*Exercise*
If a line in the listing below includes the word "Near", pick it out.

*Input for this task*

========

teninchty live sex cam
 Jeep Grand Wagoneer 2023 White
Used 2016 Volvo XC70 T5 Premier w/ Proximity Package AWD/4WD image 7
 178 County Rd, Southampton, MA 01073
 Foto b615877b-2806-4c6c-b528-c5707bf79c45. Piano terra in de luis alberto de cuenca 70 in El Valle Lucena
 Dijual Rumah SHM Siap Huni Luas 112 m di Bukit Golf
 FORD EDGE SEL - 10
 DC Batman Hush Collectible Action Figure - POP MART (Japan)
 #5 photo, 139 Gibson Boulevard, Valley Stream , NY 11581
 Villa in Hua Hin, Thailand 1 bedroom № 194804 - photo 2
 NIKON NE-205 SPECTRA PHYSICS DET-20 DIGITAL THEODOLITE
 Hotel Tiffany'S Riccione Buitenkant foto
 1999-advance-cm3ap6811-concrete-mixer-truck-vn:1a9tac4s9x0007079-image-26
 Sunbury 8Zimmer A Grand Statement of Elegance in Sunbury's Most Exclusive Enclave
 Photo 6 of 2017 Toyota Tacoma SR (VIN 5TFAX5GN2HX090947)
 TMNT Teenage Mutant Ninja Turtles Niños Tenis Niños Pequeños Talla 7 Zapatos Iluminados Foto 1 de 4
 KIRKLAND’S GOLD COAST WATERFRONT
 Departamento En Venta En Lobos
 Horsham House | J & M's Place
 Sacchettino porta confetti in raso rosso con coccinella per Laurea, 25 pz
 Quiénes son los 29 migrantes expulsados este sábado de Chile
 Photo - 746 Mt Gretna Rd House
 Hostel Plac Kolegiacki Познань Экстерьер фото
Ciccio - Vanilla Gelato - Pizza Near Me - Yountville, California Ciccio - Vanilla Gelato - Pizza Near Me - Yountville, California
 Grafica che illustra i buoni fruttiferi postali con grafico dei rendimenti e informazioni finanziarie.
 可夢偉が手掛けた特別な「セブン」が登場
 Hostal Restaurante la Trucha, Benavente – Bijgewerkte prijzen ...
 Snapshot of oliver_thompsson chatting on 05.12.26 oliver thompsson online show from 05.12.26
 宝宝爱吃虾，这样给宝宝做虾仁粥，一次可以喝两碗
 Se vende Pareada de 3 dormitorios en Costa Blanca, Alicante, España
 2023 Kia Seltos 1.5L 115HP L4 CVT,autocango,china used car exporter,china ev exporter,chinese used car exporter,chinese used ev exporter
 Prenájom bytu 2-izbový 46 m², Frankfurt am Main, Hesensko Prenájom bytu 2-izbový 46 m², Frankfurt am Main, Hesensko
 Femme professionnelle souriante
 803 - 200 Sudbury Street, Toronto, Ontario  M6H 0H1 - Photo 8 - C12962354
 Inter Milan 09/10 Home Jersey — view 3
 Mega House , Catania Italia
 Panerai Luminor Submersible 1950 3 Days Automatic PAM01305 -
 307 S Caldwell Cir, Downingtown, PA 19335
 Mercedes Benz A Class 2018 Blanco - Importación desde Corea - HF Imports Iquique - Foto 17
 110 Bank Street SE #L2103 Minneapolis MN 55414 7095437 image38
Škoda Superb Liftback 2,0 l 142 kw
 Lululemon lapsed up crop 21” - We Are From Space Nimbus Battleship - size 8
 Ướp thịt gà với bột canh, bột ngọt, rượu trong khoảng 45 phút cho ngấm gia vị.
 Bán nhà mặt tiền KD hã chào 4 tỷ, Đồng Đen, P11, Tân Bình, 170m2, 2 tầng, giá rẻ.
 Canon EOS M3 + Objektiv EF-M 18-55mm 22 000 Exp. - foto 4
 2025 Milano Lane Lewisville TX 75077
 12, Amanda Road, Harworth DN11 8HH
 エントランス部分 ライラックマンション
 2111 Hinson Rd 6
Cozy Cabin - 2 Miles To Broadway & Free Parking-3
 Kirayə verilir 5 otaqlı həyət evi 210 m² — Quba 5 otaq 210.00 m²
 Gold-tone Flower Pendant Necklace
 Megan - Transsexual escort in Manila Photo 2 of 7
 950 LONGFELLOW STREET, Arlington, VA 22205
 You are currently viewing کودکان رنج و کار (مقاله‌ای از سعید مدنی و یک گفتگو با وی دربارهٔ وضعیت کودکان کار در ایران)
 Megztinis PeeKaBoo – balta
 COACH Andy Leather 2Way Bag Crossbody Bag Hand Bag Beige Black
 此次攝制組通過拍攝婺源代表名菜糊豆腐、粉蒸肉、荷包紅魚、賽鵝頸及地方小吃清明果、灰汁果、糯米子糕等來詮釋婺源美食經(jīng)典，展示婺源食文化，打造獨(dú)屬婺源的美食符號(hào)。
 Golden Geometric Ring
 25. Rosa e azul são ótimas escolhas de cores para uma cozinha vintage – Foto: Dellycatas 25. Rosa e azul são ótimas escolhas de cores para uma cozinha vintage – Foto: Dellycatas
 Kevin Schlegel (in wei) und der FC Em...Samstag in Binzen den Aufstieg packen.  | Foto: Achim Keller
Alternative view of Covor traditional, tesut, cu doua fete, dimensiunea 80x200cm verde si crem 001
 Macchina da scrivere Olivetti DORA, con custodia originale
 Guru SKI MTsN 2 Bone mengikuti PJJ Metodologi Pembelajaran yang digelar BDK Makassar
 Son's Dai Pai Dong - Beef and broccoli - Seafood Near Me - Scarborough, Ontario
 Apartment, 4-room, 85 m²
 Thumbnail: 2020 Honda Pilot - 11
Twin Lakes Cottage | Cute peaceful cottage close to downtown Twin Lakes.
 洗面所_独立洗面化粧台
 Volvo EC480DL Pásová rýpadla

========

*Expected answer*
Ciccio - Vanilla Gelato - Pizza Near Me - Yountville, California Ciccio - Vanilla Gelato - Pizza Near Me - Yountville, California
 Son's Dai Pai Dong - Beef and broccoli - Seafood Near Me - Scarborough, Ontario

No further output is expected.